Predicting dispersal of auto‐gyrating fruit in tropical trees: a case study from the Dipterocarpaceae

Seed dispersal governs the distribution of plant propagules in the landscape and hence forms the template on which density‐dependent processes act. Dispersal is therefore a vital component of many species coexistence and forest dynamics models and is of applied value in understanding forest regeneration. Research on the processes that facilitate forest regeneration and restoration is given further weight in the context of widespread loss and degradation of tropical forests, and provides impetus to improve estimates of seed dispersal for tropical forest trees. South‐East Asian lowland rainforests, which have been subject to severe degradation, are dominated by trees of the Dipterocarpaceae family which constitute over 40% of forest biomass. Dipterocarp dispersal is generally considered to be poor given their large, gyration‐dispersed fruits. However, there is wide variability in fruit size and morphology which we hypothesize mechanistically underpins dispersal potential through the lift provided to seeds mediated by the wings.
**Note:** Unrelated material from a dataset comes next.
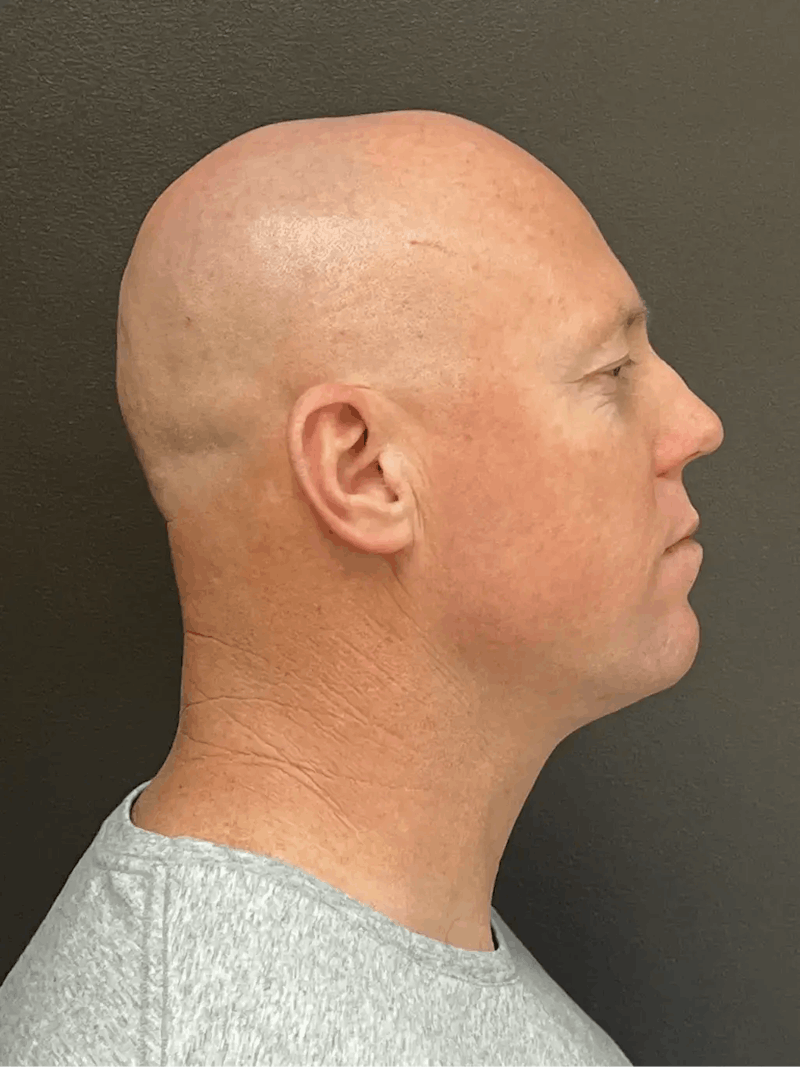 Full Face Rejuvenation Before & After Gallery - Patient 111243 - Image 7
We explored experimentally how the ratio of fruit wing area to mass (“inverse wing loading,” IWL) explains variation in seed dispersal kernels among 13 dipterocarp species by releasing fruit from a canopy tower. Horizontal seed dispersal distances increased with IWL, especially at high wind speeds. Seed dispersal of all species was predominantly local, with 90% of seed dispersing <10 m, although maximum dispersal distances varied widely among species. We present a generic seed dispersal model for dipterocarps based on attributes of seed morphology and provide modeled seed dispersal kernels for all dipterocarp species with IWLs of 1–50, representing 75% of species in Borneo.     

Non‐equilibrium in plant distribution models – only an issue for introduced or dispersal limited species?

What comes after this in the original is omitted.